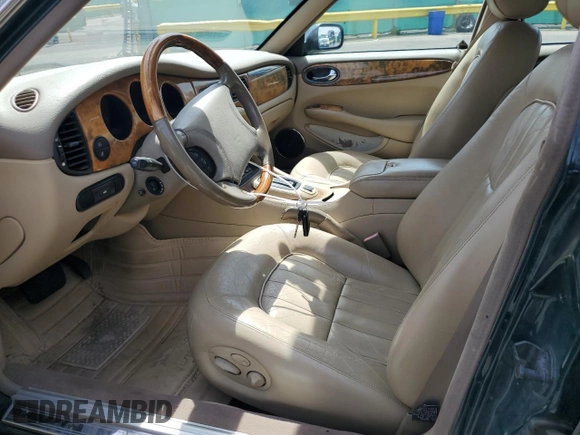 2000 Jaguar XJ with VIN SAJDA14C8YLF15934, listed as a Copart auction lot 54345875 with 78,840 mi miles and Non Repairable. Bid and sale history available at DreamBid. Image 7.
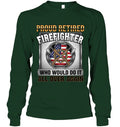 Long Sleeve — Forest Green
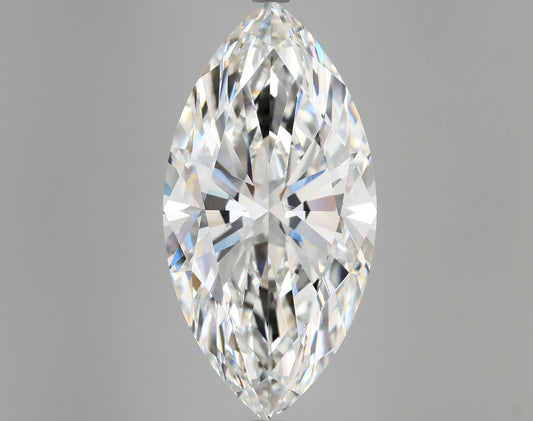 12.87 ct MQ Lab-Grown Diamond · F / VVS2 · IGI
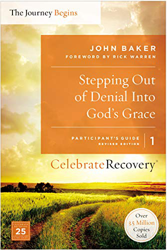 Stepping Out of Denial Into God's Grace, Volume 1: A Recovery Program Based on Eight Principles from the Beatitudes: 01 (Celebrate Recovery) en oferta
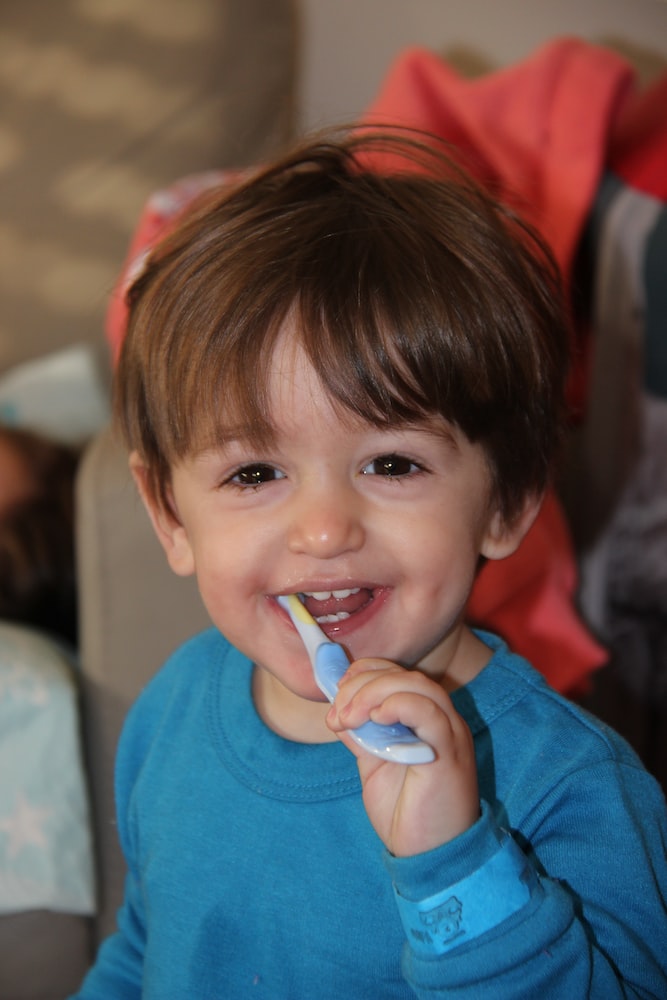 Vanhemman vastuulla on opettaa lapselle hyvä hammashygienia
━━━━━━━━━━
# DESCRIPTION OF THE TASK
Return the material in full and unaltered, minus its pictures.

# RESULT BELOW
 2000 Jaguar XJ with VIN SAJDA14C8YLF15934, listed as a Copart auction lot 54345875 with 78,840 mi miles and Non Repairable. Bid and sale history available at DreamBid. Image 7.
 Long Sleeve — Forest Green
 12.87 ct MQ Lab-Grown Diamond · F / VVS2 · IGI
 Stepping Out of Denial Into God's Grace, Volume 1: A Recovery Program Based on Eight Principles from the Beatitudes: 01 (Celebrate Recovery) en oferta
 Vanhemman vastuulla on opettaa lapselle hyvä hammashygienia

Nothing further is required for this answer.